Both of these methods are fairly tedious and have developers writing boilerplate code that every other developer is writing when handling computer vision data rather than focusing on the code unique to their application.

With Roboflow, you can generate TFRecord files from COCO JSON, VOC XML, LabelBox, and more with a few simple clicks.

Here’s how:

First, create a free Roboflow account. Free accounts are limited to smaller dataset sizes, and a credit card is not required to get started:

A brand new Roboflow account.

Second, create a dataset by clicking in the upper right hand corner. Name your dataset whatever is apt, and describe the annotation class. (For example, a self-driving car dataset might say "obstacles" for annotation class.)

Third, drop your images and their annotations directly onto the blank upload space. Your annotations can be VOC XML, COCO JSON, LabelBox, or even TensorFlow CSV. (And if we're not identifying your data, open the live chat for support!)

Drop your images and annotations here.

Next, click "Start Uploading" in the upper right. You're given the option to create training, valid, and testing splits. These are option, and you can select what is most appropriate for your problem. If you do create splits, we will create one set of TFRecord files for each split (train, valid, and test).

Now, you make your way to your Modify Dataset – the "mission control" page for your dataset.
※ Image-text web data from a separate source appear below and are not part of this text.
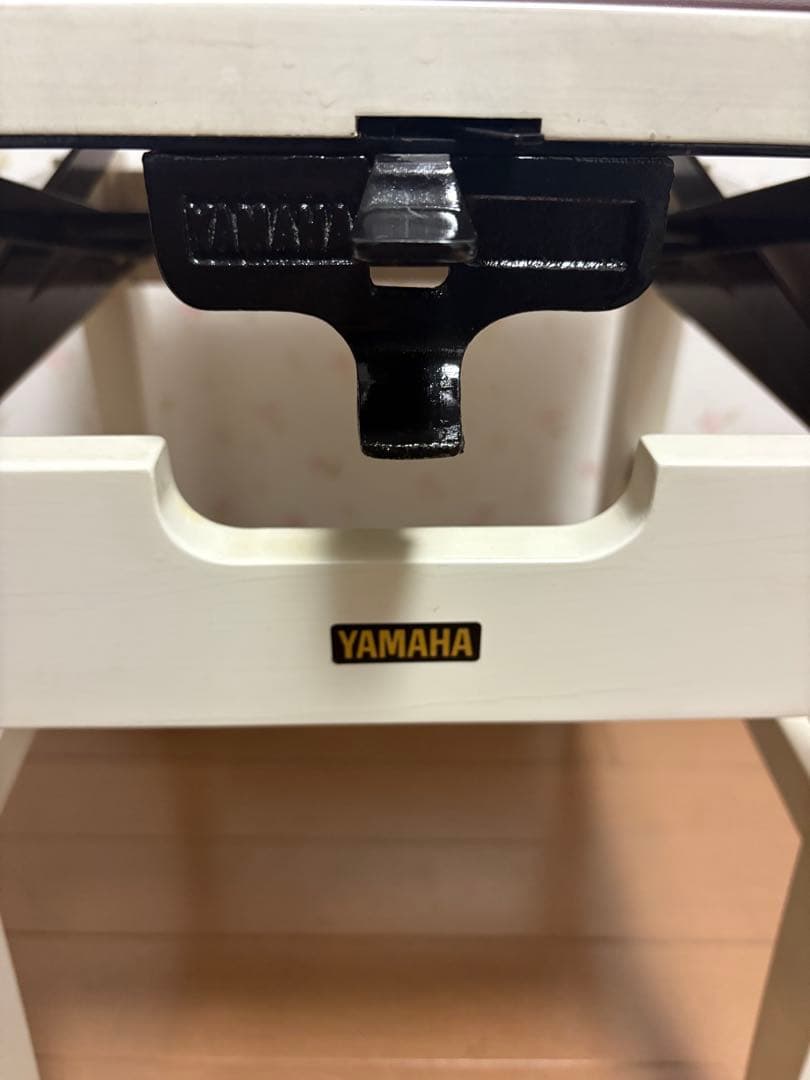 YAMAHA トムソン椅子　No.5 ホワイト　アップライト　ピアノ椅子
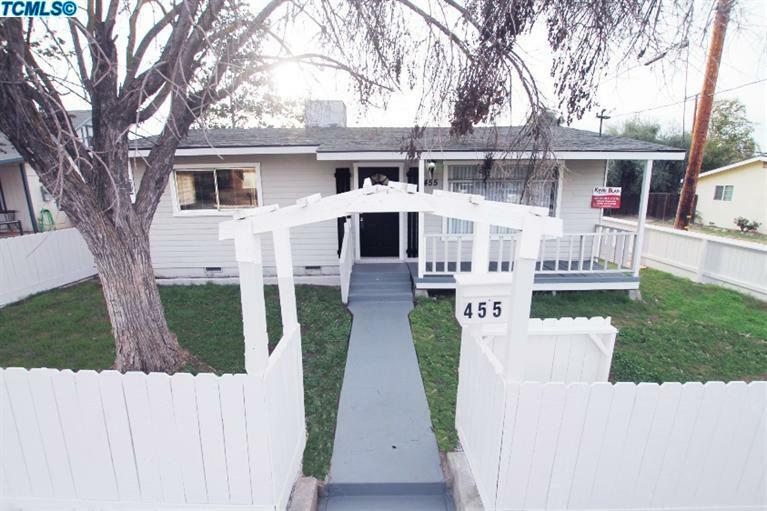 Property Photo:  455 N Cypress Street  CA 93286 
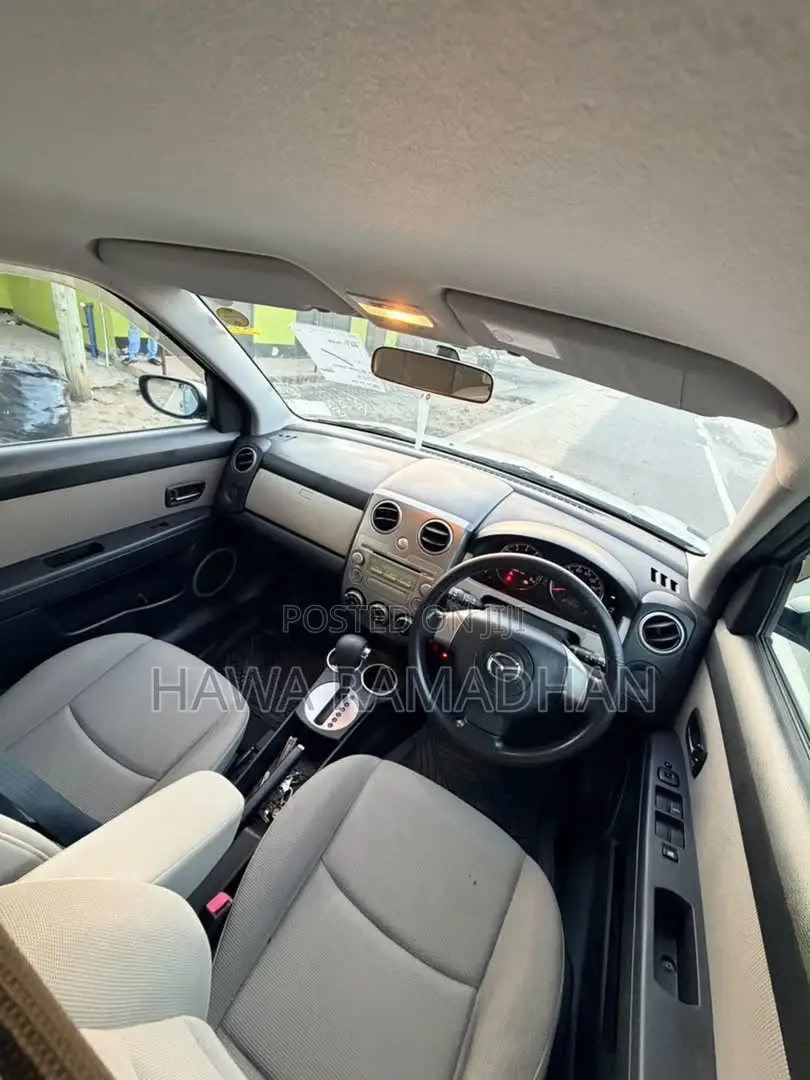 Mazda Verisa 2005 Blue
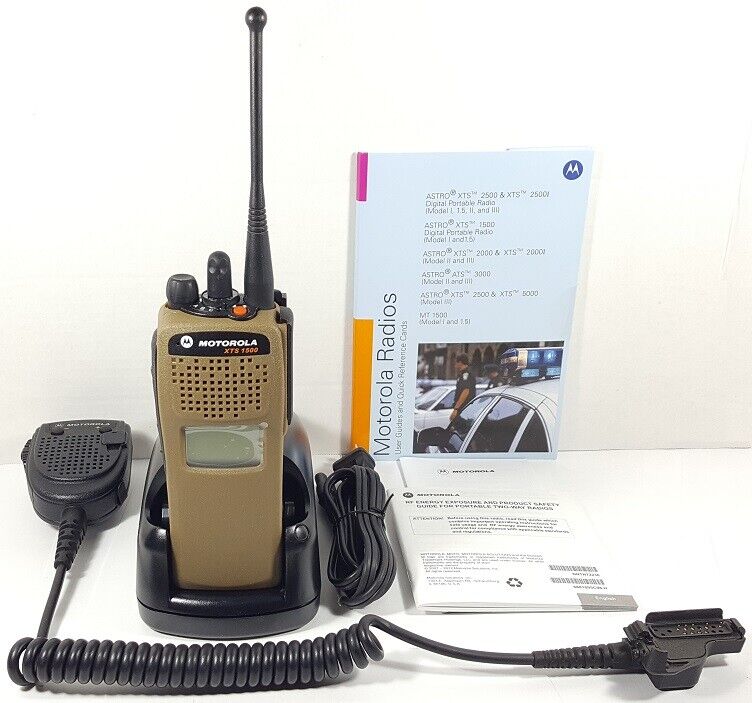 MOTOROLA XTS1500 UHF 450-520 MHz UHFR2 P25 Digital Two-Way Radio H66SDD9PW5BN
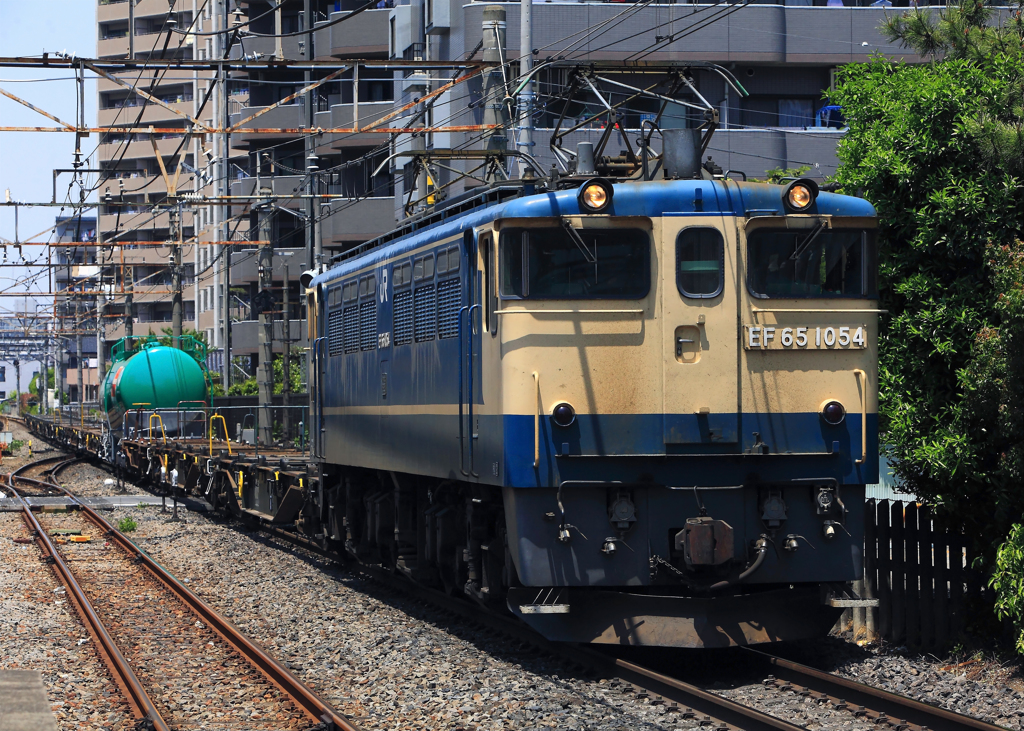 EF65-1054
You may apply one-click preprocessing and/or augmentation steps here. For our purposes, we can turn these options all off.

Then, click "Generate" in the upper right hand corner. Either give your generated dataset a name (perhaps "raw") or default to the timestamp.

Note: all options are off.

Once the dataset is generated, a version is created on the left-hand side. We are automatically directed to download this version of the dataset and select the format in what we want it downloaded.

From the dropdown menu, note that you can create any data format you may need: TensorFlow Object Detection CSV, COCO JSON, VOC XML, YOLOv3 Keras, YOLOv3 Darknet (text files), and, of course, TFRecord.

Export as TFRecord.

Select TFRecord. You may download the data locally to your computer as a zip, or show the download code. Showing the download code enables you to easily drop the data into a Jupyter or Colab notebook as you need.

And that's it! If you downloaded your files locally, note that Roboflow includes your TFRecord file, label_map.pbtxt file, and a README about the version of the dataset you downloaded.

It's that easy!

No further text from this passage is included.